Top of Material supplied

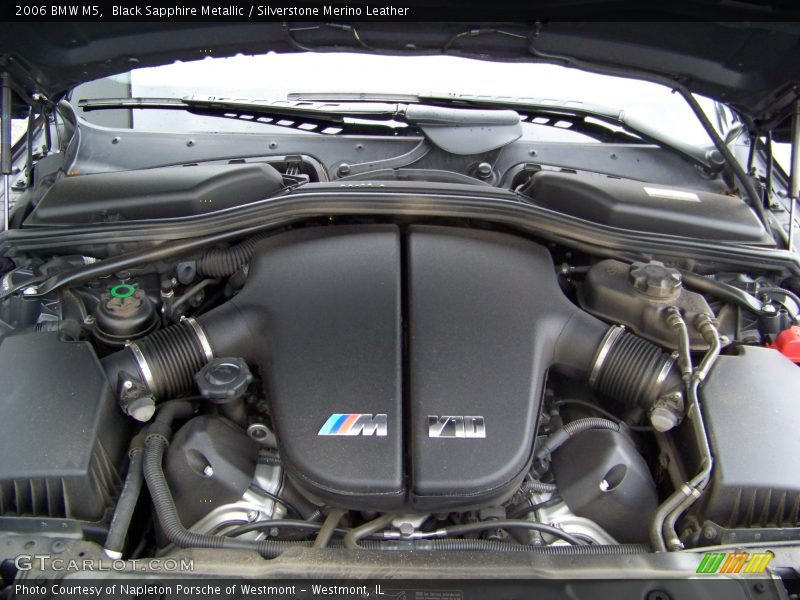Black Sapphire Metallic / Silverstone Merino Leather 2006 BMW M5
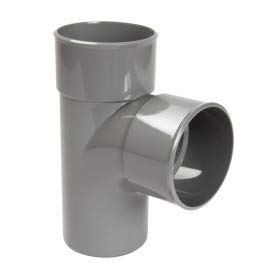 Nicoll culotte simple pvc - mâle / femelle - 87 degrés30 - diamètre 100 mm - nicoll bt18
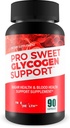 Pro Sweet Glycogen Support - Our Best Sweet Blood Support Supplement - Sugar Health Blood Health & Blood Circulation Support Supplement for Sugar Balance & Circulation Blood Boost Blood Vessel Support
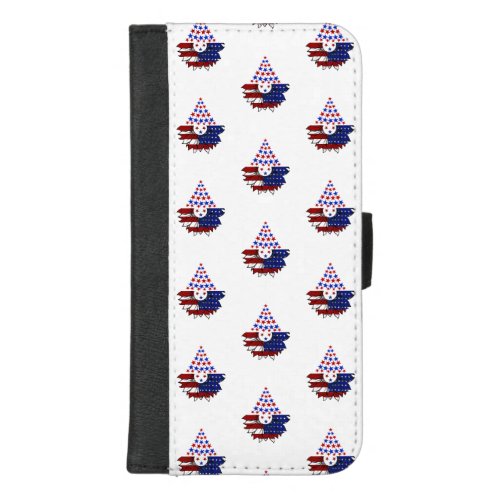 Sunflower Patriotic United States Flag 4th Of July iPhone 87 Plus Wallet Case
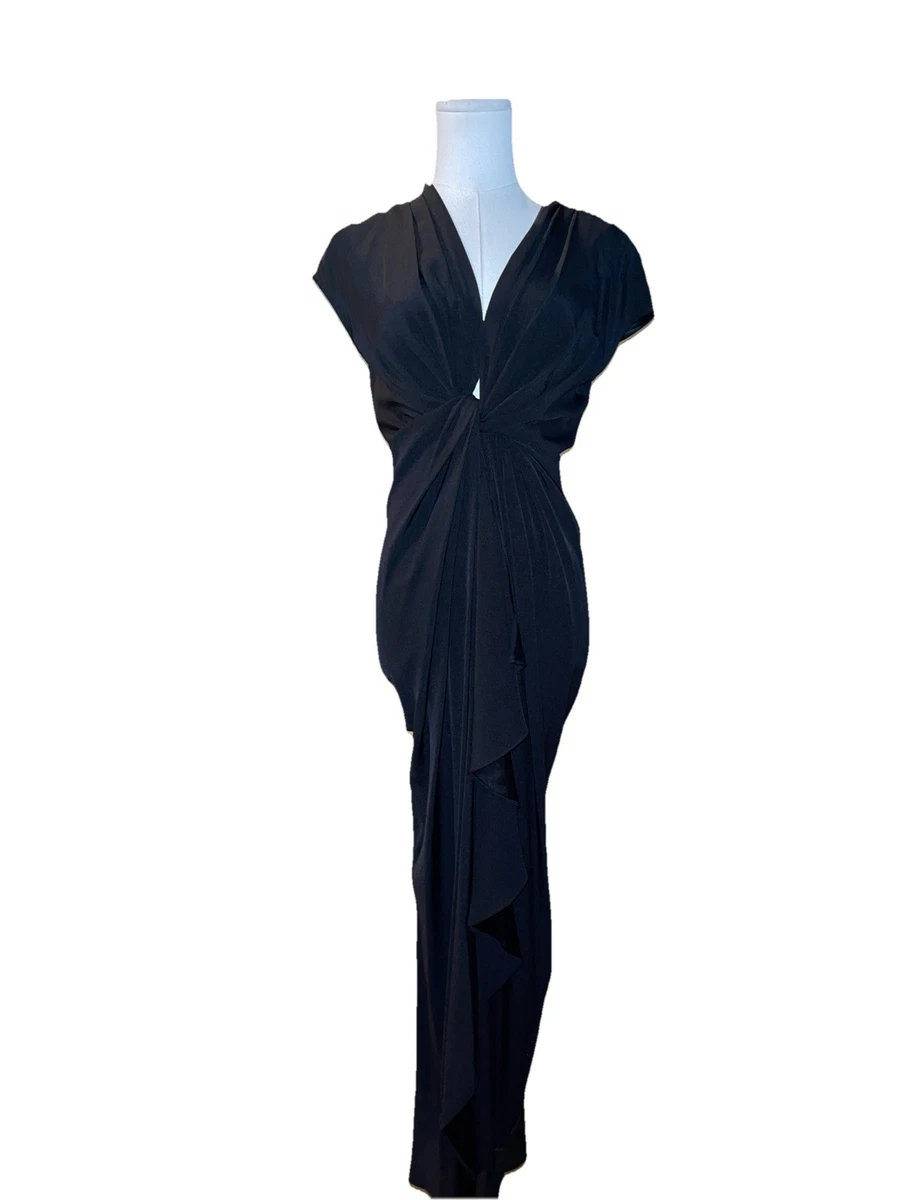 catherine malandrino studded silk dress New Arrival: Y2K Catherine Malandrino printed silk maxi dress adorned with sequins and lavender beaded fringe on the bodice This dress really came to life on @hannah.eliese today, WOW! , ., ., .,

Bottom of Material supplied

### Task to complete
Restate the material word for word, minus pictures.

### Written answer
Black Sapphire Metallic / Silverstone Merino Leather 2006 BMW M5
 Nicoll culotte simple pvc - mâle / femelle - 87 degrés30 - diamètre 100 mm - nicoll bt18
 Pro Sweet Glycogen Support - Our Best Sweet Blood Support Supplement - Sugar Health Blood Health & Blood Circulation Support Supplement for Sugar Balance & Circulation Blood Boost Blood Vessel Support
 Sunflower Patriotic United States Flag 4th Of July iPhone 87 Plus Wallet Case
 catherine malandrino studded silk dress New Arrival: Y2K Catherine Malandrino printed silk maxi dress adorned with sequins and lavender beaded fringe on the bodice This dress really came to life on @hannah.eliese today, WOW! , ., ., .,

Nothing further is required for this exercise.